A silky, heartwarming soup with delicate wontons and ribbons of egg, offering the perfect balance of comfort and celebration.
Ingredients
- 30g dried assorted sliced mushrooms
- 1 litre chicken stock
- 2 cups water
- 2cm piece ginger, thinly sliced
- 2 Tbsp light soy sauce, extra to serve
- 3 tsp sesame oil, extra for serving
- 1 bunch baby pak choy or bok choy, trimmed, halved lengthways
- 24 frozen prawn & chive wontons
- 2 green onions, diagonally sliced, extra shredded to serve
- 3 small eggs, beaten
- Crispy chilli oil optional, to serve
Method
- Soak mushrooms in cold water for 10 minutes until rehydrated. Drain well.
- Place the stock, water, sesame oil, soy, and ginger in a large pot. Bring to a gentle boil. Add the pak choy or bok choy. Submerge under hot stock and cook for 2 minutes. Remove using tongs and set aside in a bowl covered to keep warm.

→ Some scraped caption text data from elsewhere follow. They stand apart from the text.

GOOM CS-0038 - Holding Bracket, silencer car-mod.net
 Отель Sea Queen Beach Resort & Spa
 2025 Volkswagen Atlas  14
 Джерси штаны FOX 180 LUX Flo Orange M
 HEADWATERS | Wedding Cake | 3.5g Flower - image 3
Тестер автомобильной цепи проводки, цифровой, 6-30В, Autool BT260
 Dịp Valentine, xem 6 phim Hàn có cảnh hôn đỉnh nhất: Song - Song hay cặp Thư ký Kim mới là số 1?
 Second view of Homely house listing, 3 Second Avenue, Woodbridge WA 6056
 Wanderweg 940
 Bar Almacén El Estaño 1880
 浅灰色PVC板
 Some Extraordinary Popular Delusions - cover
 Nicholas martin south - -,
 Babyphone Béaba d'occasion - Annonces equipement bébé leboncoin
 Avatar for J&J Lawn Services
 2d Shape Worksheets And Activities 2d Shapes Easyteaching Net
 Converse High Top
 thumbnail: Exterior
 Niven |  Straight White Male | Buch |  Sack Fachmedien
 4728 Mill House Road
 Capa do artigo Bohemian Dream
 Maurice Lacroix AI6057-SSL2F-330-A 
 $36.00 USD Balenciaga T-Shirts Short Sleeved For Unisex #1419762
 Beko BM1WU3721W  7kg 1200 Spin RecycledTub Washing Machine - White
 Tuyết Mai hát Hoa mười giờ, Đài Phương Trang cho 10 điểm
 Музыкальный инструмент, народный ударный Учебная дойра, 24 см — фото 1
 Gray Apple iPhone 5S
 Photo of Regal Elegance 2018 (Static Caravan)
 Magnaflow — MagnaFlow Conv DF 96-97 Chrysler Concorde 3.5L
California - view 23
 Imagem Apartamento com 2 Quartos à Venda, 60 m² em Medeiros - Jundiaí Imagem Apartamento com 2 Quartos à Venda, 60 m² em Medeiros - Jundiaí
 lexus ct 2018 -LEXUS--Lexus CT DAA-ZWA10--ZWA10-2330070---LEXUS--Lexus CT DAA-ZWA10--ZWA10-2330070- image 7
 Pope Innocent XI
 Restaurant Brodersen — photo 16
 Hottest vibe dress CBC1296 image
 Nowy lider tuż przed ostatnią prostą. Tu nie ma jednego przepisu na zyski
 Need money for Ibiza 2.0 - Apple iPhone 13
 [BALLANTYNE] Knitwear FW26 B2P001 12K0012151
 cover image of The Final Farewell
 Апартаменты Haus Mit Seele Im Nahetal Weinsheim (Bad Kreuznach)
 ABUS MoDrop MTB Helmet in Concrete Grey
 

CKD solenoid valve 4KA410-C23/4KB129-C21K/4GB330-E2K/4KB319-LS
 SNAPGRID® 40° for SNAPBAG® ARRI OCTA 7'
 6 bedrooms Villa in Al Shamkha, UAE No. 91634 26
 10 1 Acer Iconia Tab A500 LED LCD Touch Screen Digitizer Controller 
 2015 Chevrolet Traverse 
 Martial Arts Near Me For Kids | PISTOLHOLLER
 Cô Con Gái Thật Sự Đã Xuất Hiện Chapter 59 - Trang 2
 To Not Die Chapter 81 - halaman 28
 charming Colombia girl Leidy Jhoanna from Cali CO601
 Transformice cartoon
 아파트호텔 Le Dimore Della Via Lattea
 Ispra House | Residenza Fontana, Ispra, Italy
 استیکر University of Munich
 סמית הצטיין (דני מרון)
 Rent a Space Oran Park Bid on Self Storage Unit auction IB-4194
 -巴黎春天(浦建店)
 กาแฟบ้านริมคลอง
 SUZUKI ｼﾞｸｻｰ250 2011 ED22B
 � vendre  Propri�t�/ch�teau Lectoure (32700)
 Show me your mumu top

- Add rehydrated mushrooms, frozen wontons and spring onions to soup. Bring to a gentle simmer and cook for 5 minutes until the wontons are tender.
- On a low heat without simmering, drizzle eggs in a circular motion over the soup, they will cook and set instantly into thick ribbons. Quickly stir to break up the ribbons.
- Divide Asian greens between bowls. Ladle soup and dumplings over the top. Garnish with extra shredded green onions. Drizzle with chilli oil, if using. Serve with extra soy and sesame oil to taste.